Je suis extrêmement inquiet de ton silence. Depuis les fêtes de Beltane, je n’ai eu aucun message. Eugénie la Rouge m’a affirmé que tu es partie plus tard que prévu de Faranguie pour te remettre de ces événements. Mais depuis, j’ai perdu ta trace. À Ananda, Mzekala la Lumineuse m’a répondu qu’elle ne t’avait pas reçue. Toutefois ton séjour prolongé à Faranguie t’a fait arriver à Ananda au moment du départ d’une caravane pour le Désert de Bronze. Je suppose que tu ne t’es pas arrêtée chez elle. Du moins, c’est ce que j’imagine dans mes cauchemars les plus doux.

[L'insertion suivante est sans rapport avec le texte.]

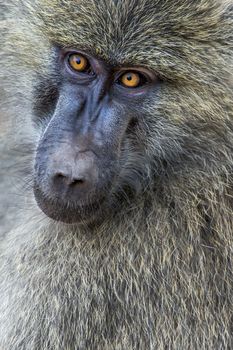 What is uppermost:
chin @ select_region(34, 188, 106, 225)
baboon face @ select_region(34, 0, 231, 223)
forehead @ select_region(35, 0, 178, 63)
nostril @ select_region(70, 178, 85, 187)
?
forehead @ select_region(35, 0, 178, 63)

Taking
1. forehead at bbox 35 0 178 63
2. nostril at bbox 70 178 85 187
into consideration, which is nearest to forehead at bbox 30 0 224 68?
forehead at bbox 35 0 178 63

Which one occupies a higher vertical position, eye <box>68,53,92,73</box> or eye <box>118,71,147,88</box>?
eye <box>68,53,92,73</box>

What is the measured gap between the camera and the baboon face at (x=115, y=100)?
11.2 feet

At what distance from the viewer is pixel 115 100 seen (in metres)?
3.59

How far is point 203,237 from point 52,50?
3.72 feet

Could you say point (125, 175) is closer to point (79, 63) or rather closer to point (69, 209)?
point (69, 209)

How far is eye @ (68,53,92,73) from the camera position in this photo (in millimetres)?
3594

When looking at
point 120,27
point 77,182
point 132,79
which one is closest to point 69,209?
point 77,182

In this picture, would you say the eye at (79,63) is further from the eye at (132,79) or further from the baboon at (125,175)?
the eye at (132,79)

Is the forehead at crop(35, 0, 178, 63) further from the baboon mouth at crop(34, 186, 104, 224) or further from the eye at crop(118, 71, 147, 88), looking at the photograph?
the baboon mouth at crop(34, 186, 104, 224)

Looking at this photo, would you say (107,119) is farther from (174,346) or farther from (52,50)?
(174,346)

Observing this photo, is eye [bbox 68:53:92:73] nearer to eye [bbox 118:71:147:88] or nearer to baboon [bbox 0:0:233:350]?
baboon [bbox 0:0:233:350]

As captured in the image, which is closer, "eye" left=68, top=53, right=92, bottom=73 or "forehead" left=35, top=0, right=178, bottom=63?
→ "forehead" left=35, top=0, right=178, bottom=63

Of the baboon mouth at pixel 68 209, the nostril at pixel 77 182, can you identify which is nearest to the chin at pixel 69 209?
the baboon mouth at pixel 68 209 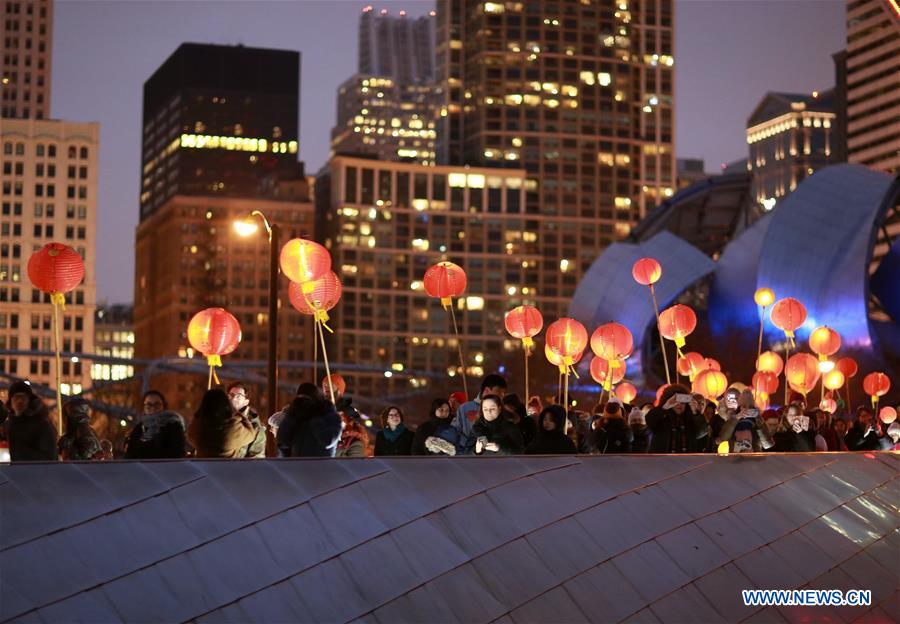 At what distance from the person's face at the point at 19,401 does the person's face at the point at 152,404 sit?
0.87m

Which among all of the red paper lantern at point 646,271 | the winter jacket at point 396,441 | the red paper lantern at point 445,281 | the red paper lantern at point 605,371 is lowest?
the winter jacket at point 396,441

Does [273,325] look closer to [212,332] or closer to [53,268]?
[212,332]

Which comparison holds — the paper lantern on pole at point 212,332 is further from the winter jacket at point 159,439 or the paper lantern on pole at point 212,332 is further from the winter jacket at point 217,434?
the winter jacket at point 159,439

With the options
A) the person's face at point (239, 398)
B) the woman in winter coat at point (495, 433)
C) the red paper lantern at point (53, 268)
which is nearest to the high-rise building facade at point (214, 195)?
the red paper lantern at point (53, 268)

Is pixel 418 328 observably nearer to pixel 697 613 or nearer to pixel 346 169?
pixel 346 169

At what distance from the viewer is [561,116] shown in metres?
151

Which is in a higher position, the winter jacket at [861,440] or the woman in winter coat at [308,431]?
the woman in winter coat at [308,431]

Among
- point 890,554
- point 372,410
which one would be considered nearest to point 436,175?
point 372,410

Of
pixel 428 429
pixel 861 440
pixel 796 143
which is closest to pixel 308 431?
pixel 428 429

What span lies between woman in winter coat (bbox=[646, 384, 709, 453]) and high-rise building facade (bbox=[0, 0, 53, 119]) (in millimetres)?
141138

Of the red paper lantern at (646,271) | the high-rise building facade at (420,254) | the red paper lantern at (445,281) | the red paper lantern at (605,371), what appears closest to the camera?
the red paper lantern at (445,281)

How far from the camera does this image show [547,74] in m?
151

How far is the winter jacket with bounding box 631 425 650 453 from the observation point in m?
14.2

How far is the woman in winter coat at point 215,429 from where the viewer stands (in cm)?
1152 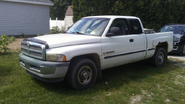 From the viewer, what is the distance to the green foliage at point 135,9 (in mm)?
14375

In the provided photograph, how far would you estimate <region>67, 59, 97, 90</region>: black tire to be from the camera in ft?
12.8

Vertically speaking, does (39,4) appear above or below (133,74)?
above

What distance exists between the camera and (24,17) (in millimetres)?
15477

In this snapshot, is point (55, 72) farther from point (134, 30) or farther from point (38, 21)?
point (38, 21)

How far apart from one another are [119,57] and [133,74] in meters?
1.07

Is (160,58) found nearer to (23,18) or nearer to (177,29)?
(177,29)

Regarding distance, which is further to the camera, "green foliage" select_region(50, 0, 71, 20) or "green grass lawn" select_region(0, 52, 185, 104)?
"green foliage" select_region(50, 0, 71, 20)

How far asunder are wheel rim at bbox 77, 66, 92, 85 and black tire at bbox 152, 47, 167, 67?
3.13 metres

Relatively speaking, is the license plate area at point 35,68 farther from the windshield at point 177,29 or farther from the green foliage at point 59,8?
the green foliage at point 59,8

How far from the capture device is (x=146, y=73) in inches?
224

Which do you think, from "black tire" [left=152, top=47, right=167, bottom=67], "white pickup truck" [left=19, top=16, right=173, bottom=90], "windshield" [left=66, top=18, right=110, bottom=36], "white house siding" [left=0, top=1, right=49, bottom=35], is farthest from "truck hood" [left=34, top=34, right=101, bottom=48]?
"white house siding" [left=0, top=1, right=49, bottom=35]

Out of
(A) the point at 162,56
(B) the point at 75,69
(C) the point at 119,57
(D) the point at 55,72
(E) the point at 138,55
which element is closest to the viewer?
(D) the point at 55,72

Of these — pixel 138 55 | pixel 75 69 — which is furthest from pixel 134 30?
pixel 75 69

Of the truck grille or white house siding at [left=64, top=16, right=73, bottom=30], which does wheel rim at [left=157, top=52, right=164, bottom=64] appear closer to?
the truck grille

Je sais que la route vers la plaine d’Opale traverse des régions dangereuses, mais je n’ose à peine m’imaginer qu’elle est la cause de ton découragement. Voire pire, de ta disparition.

Je suis par moment paralysé en imaginant les catastrophes terribles que tu as affrontées ; d’autres fois, j’ai confiance en toi et en cette volonté inflexible à vouloir améliorer le monde qui t’habite. Je traverse, moi aussi, un désert de mélancolie. Délaissant mes travaux, je parcours à présent tous les journaux de la bibliothèque d’Abigail le Discret. Dorénal vient souvent me voir et essaye de me réconforter, de me motiver à reprendre mes recherches. Il me trouve à chaque fois dans un abyme de mélancolie teintée de culpabilité où péniblement il me remonte. Mais la chute est pénible à chaque fois que je le laisse à l’université de Lambassa.

Déjà, les gros orages de l’été arrivent. Je vais pouvoir masquer mon désespoir sous cette pluie qui ne lavera pas mes erreurs.

En espérant avoir très rapidement de tes nouvelles.